Pernyataan tersebut disampaikan Menag dalam acara "Zikir dan Doa Kebangsaan" yang digelar di kawasan Tugu Proklamasi, Jakarta Pusat, Jumat (1/8/2025). Kegiatan ini menjadi penanda pembukaan Bulan Kemerdekaan, yang digagas Direktorat Jenderal Bimbingan Masyarakat Islam Kemenag.
Dalam sambutannya, Nasaruddin menekankan bahwa Proklamasi Kemerdekaan 17 Agustus 1945 tidak semata peristiwa politik, tetapi juga peristiwa spiritual. Ia mengingatkan bahwa proklamasi itu dibacakan pada Jumat, 9 Ramadan 1364 Hijriah, sebuah hari yang sarat makna keimanan.
'Ini bukan kebetulan. Para proklamator menyadari betul bahwa hari itu bukan sekadar tanggal, tapi juga momentum ilahiah.
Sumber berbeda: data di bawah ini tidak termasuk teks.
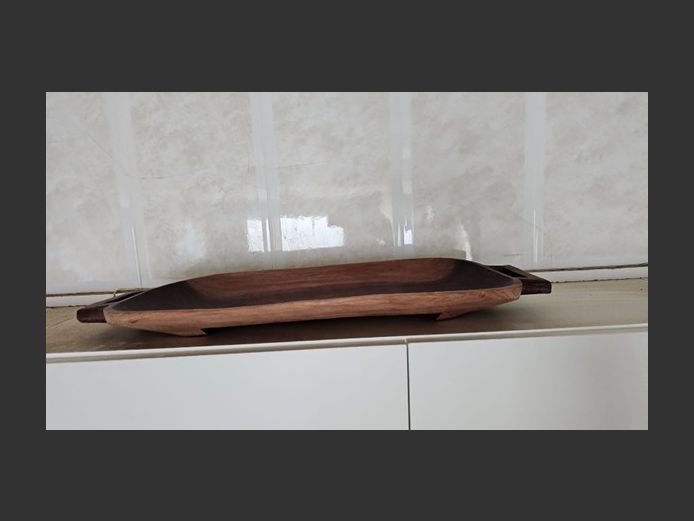 Wooden Fruit Display Bowl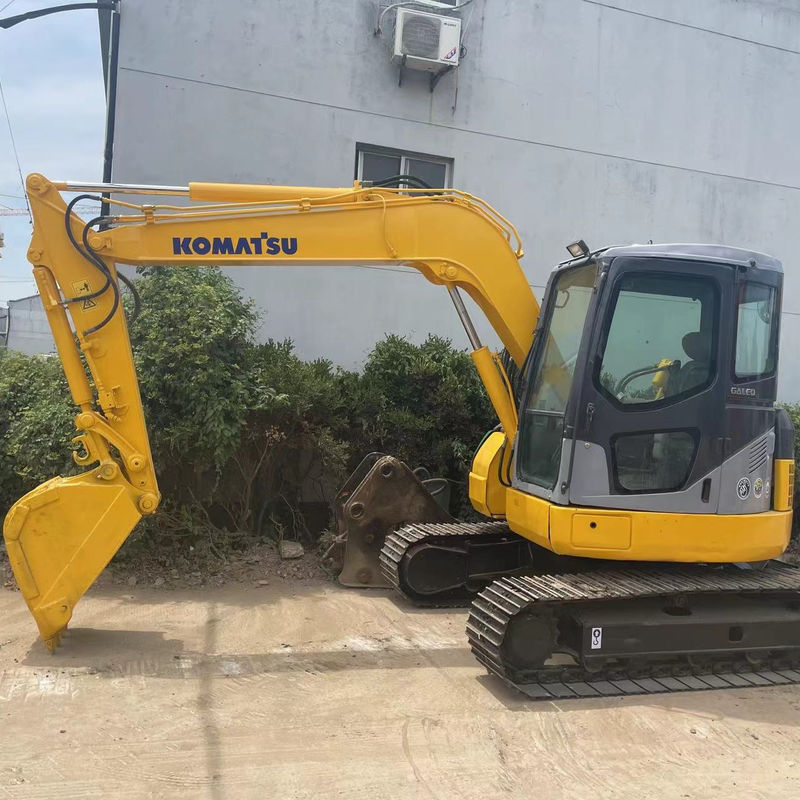 China tuingraafmachine Komatsu PC70-8 gebruikte machines kleine graafmachine prijs gebruikte landbouwmachine apparatuur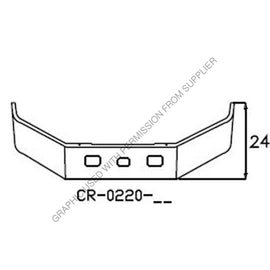 ABP N31 0CR022034R15 BUMPER FL SERIES NO WARRANTY 20IN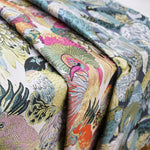 Tissu de perroquet et oiseau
Zikir dan doa menjadi bagian dari kekuatan bangsa ini sejak awal berdiri,” ujar Nasaruddin.
Dalam tradisi Islam, lanjutnya, terdapat empat istilah penting dalam menggambarkan kemerdekaan, yaitu istiqlal, tahrir, hurriyah, dan in‘itaq. Namun, yang paling utama adalah istiqlal, yaitu kebebasan dari kekuasaan yang zalim.
“Tanpa istiqlal, tidak ada hurriyah, tahrir, atau in‘itaq. Masjid Istiqlal bukan hanya bangunan fisik, tapi nazar bangsa atas nikmat kemerdekaan,” ucap Imam Besar Masjid Istiqlal Jakarta ini.